[Entries taken from a collection]
◇ ◇ ◇ ◇
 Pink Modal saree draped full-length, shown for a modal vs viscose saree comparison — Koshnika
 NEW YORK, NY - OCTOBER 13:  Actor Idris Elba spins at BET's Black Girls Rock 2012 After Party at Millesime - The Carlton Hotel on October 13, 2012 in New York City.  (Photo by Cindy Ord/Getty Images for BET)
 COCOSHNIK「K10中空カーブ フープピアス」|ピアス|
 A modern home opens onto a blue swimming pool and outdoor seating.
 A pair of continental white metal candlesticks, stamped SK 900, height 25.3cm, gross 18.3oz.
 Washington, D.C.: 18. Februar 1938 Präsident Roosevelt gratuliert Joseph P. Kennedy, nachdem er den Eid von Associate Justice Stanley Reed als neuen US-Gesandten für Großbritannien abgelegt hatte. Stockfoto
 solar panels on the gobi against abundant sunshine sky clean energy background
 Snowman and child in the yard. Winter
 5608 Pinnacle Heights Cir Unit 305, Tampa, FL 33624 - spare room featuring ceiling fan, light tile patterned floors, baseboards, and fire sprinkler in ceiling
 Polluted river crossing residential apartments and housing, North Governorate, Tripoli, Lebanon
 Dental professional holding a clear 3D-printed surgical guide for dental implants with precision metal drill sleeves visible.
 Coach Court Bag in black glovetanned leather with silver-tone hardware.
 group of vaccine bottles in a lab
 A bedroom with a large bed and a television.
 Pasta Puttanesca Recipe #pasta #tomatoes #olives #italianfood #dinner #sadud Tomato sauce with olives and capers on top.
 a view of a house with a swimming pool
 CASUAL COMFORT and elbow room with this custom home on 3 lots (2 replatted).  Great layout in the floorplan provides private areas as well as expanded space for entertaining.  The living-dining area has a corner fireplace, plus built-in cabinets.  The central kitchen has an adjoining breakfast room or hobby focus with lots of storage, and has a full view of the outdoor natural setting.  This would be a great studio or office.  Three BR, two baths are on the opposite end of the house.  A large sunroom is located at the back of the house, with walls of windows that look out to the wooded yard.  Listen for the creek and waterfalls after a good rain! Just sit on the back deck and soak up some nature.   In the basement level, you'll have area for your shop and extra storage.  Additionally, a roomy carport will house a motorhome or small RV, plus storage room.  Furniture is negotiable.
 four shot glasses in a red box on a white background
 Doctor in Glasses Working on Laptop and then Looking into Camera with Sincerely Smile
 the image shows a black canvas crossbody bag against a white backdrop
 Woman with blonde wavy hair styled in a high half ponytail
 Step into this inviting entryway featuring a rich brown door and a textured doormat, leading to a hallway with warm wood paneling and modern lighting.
◇ ◇ ◇ ◇
**TASK GOAL**.
Above are the records. Print exactly, and only, the lines from the line with "NEW YORK, NY" to the line with "A pair of continental", both inclusive.

**TASK RESPONSE**.
 NEW YORK, NY - OCTOBER 13:  Actor Idris Elba spins at BET's Black Girls Rock 2012 After Party at Millesime - The Carlton Hotel on October 13, 2012 in New York City.  (Photo by Cindy Ord/Getty Images for BET)
 COCOSHNIK「K10中空カーブ フープピアス」|ピアス|
 A modern home opens onto a blue swimming pool and outdoor seating.
 A pair of continental white metal candlesticks, stamped SK 900, height 25.3cm, gross 18.3oz.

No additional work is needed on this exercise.